Note: You may not read this as I made this just so it's more accessible for me, but if you'd like, here's the link for the first part. Thank you.
I noticed this was too long, so I decided to cut it and put it in another narrative as part 2. Btw, yeah I sometimes re-read my entries here that's why. :)
Part 2:
The coverage metric employed was the fraction of vertical volume observed (FVO) between 0 and 20 kft, and it was because the WSR-88D has a perfect coverage above 20 kft. The cross-radial horizontal resolution (CHR) was also employed because it was relevant in taking the angular resolution. During the analysis period, the radar network underwent changes and they addressed it accordingly.

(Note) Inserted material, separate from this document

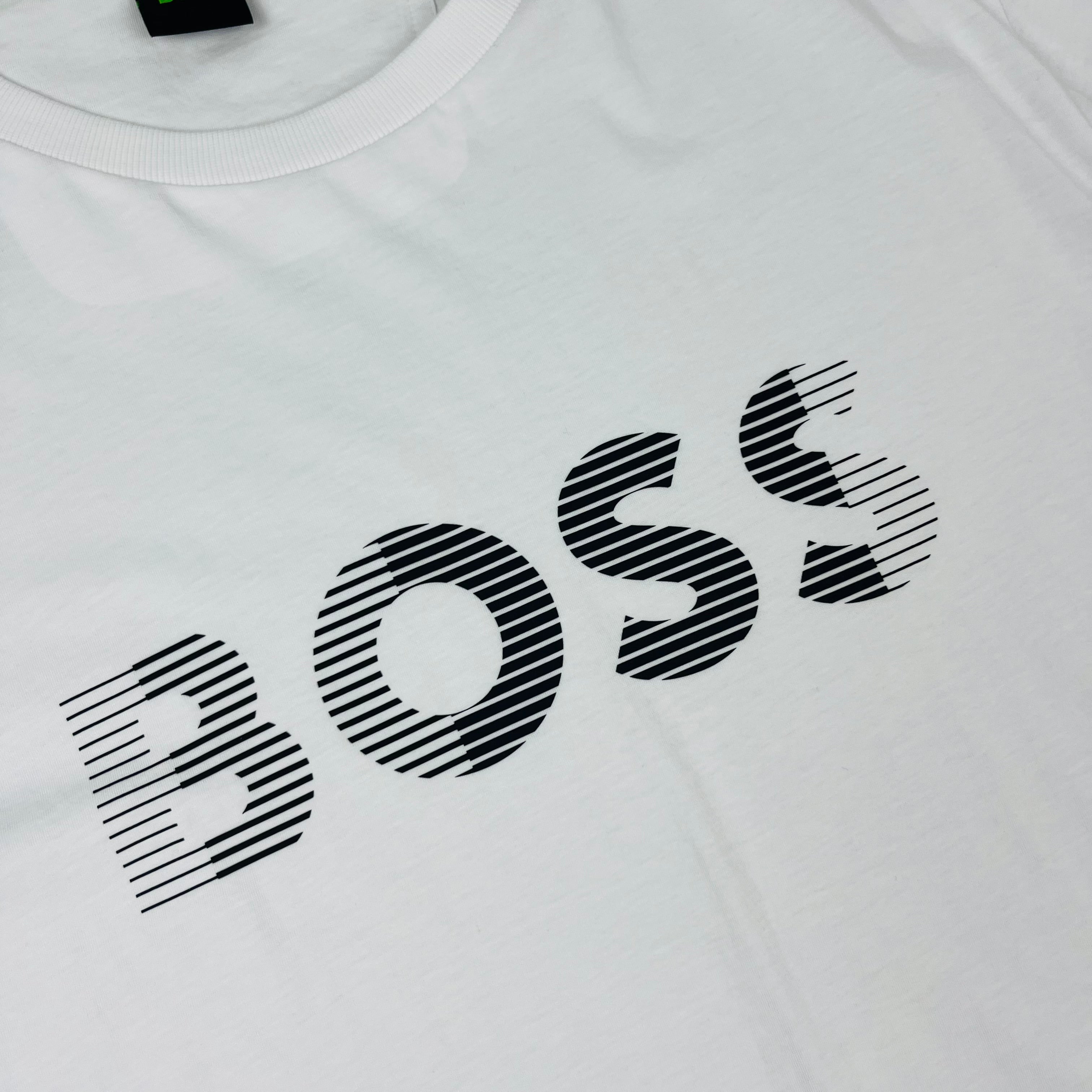 Hugo Boss T-Shirt - White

In order to relate the relationship between the warning performance and the quality of radar coverage, they matched each flood event to the appropriate catchment basin using the US Geological Survey (USGS) National Hydrographic Dataset which contains 19,031 stream gauges with corresponding catchment boundaries. They searched for a stream gauge located inside the event polygon and computed the mean radar coverage metric matching the catchment basin. With this step, they were able to match 24,236 flash flood events over the analysis period. This was their basis for all the analyses conducted in flash flood events. In detection probability dependence of flash flood on radar coverage, for FVO and CHR, the data for each were binned using cumulative distribution percentage intervals. Result shows that flash flood probability of detection (POD) increases with FVO and decreases with CHR, which is an important result because it shows connection between radar coverage and warning performance and allows a functional mapping between the two.
To compute for the flash flood warning flase alarm ratio dependence on radar coverage, they matched each warning to the corresponding catchment basins, just like what they did in mapping the flash flood events. They replaced the event polygon with the warning polygon and were able to match 32,438 flash flood warning to source basins over the analysis period. Because the casualty regression analysis did not yield a statistically meaningful relationship between FAR and casualty rate, they did not include this in the benefit model. In the dual polarization upgrade, the mean flash flood warning values did not yield statistically meaningful differences, which is in contrast with case studies that showed otherwise. This led to difficulties in obtaining QPE data so they used an algorithm technique that will not cause much error in the QPE. They also investigated the relationship between radar coverage and non-flash flood warning performance using the same procedures but it showed no significant relationship so it was not included in the benefit model.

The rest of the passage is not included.